Aku mendapati diriku tercenung dengan sebuah benda yang terdapat di telapak
tangannya. Sebatang pulpen dengan sekian banyak label yang sukses membuatku mengernyit.

"Kenapa pulpennya ditutupi 'beginian'?" tanyaku sambil menarik salah satu label.

"Ah!
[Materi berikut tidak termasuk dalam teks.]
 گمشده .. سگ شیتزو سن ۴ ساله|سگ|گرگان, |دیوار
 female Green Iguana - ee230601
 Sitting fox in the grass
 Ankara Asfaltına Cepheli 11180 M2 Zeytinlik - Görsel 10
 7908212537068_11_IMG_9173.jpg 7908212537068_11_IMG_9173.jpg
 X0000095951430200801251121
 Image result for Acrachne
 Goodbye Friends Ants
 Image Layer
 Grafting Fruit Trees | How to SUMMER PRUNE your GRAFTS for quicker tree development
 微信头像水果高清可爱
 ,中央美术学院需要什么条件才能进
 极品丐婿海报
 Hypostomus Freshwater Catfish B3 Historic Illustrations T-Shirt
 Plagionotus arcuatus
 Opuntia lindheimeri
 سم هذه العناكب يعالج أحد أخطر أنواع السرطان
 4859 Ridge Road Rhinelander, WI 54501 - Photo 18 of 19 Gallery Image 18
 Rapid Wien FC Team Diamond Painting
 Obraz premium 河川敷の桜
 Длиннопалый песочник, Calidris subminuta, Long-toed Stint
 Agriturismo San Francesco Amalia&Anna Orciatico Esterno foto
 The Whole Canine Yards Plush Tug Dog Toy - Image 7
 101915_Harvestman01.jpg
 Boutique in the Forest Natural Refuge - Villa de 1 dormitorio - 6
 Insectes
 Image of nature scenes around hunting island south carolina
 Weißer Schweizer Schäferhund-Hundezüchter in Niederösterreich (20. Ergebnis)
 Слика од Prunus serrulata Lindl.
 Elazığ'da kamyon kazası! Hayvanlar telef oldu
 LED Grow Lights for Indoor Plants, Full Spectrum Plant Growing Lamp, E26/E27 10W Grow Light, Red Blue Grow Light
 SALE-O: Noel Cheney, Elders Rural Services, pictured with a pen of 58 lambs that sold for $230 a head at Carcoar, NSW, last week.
Seharusnya kamu baru boleh mencabut itu kalau sudah dilaksanakan."

Aku mengerjap. "Dilaksanakan apa...?" Belum selesai aku melanjutkan, mataku


menangkap sebuah kata yang tercetak pada label itu.

'Tanam'.

Aku kembali menatapnya dengan bingung. "Kau memintaku untuk menanam?"

Renata mengangguk mantap. "Tanaman sungguhan, ya!"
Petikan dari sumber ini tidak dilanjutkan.